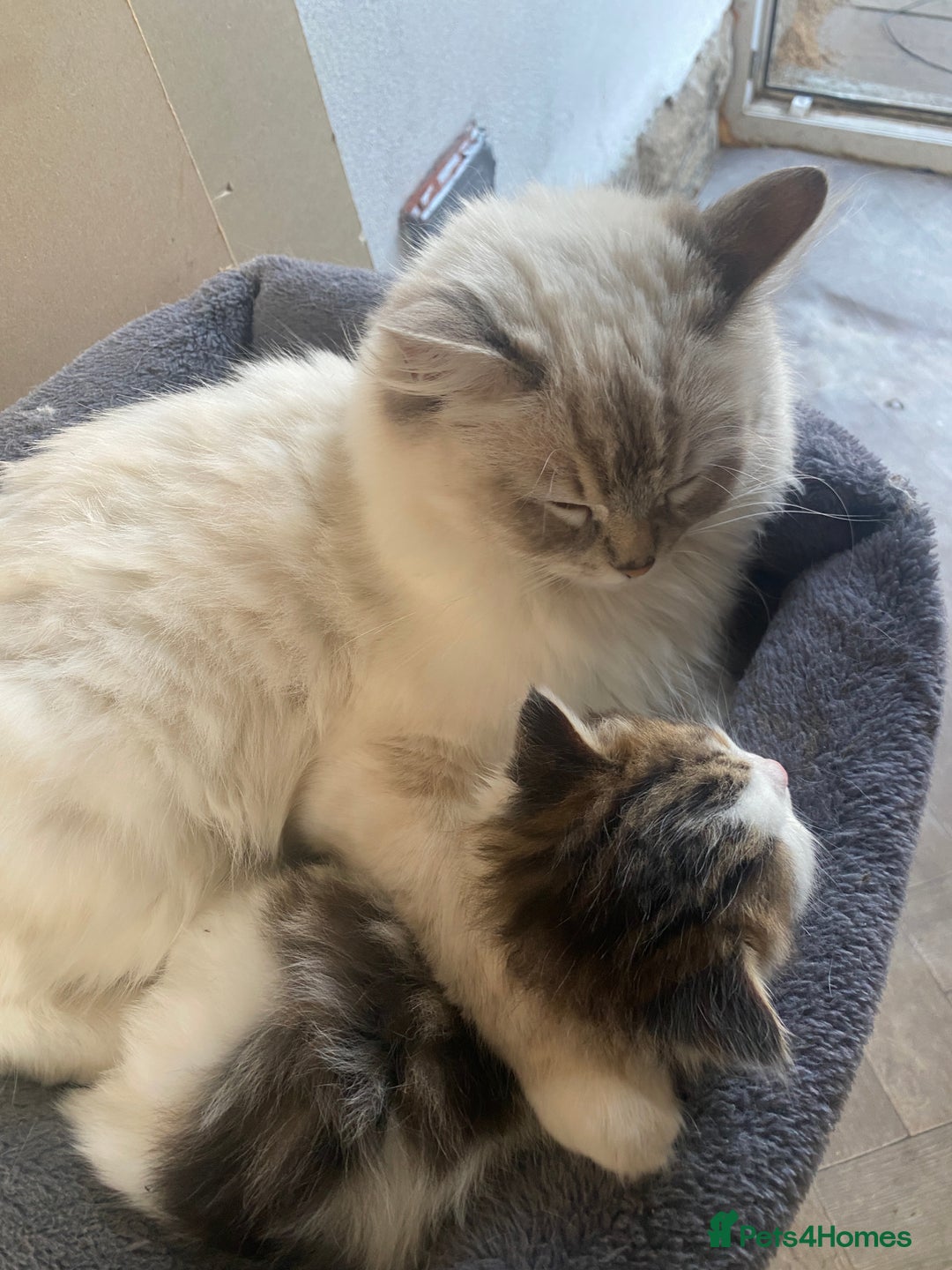 RagaMuffin cats for sale: Beautiful ragdoll x kittens 1 LEFT READY NOW - Image 15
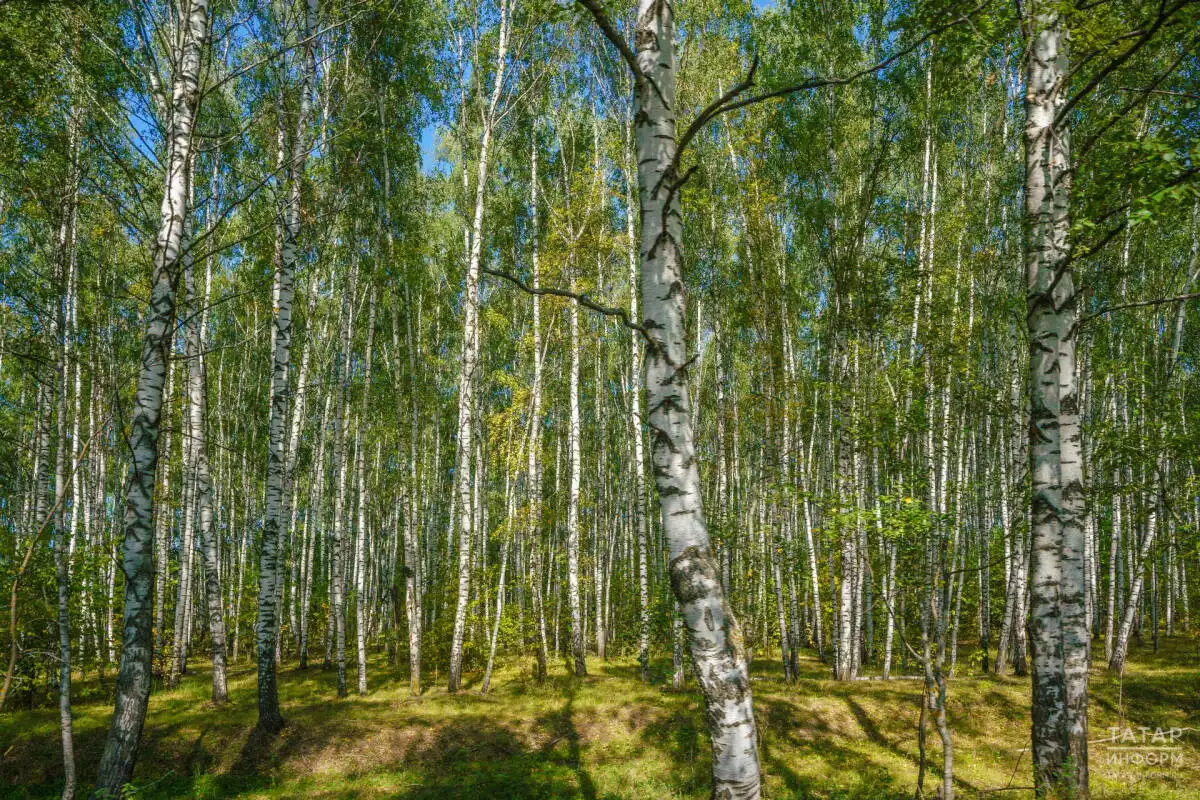 Лес в Татарстане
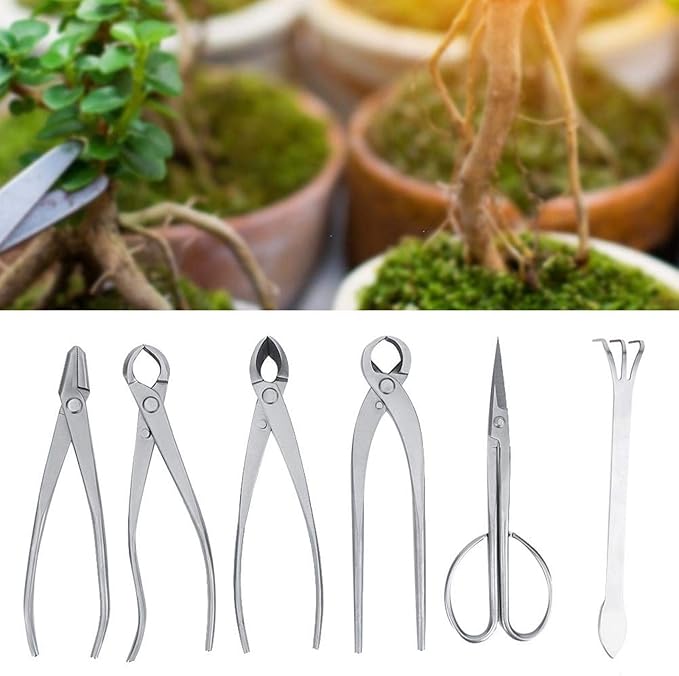 Bonsai Tools Set, 6pcs Stainless Steel Bonsai Garden Plant Tree Scissors Trimming Cutting Tool Set with Storage Bag, Garden Plant Tools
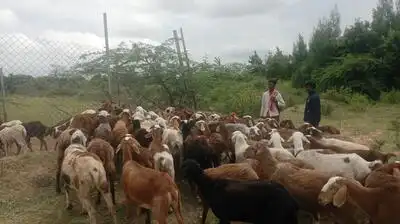 sheep and goats grazing beside an industrial ecosystem that supplies companies such as Airbus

*Directions*
Exactly the lines from the one containing "Bonsai Tools Set, 6pcs" through the last line of the data above should be output, both ends included, with every picture left out.

*Written response*
 Bonsai Tools Set, 6pcs Stainless Steel Bonsai Garden Plant Tree Scissors Trimming Cutting Tool Set with Storage Bag, Garden Plant Tools
 sheep and goats grazing beside an industrial ecosystem that supplies companies such as Airbus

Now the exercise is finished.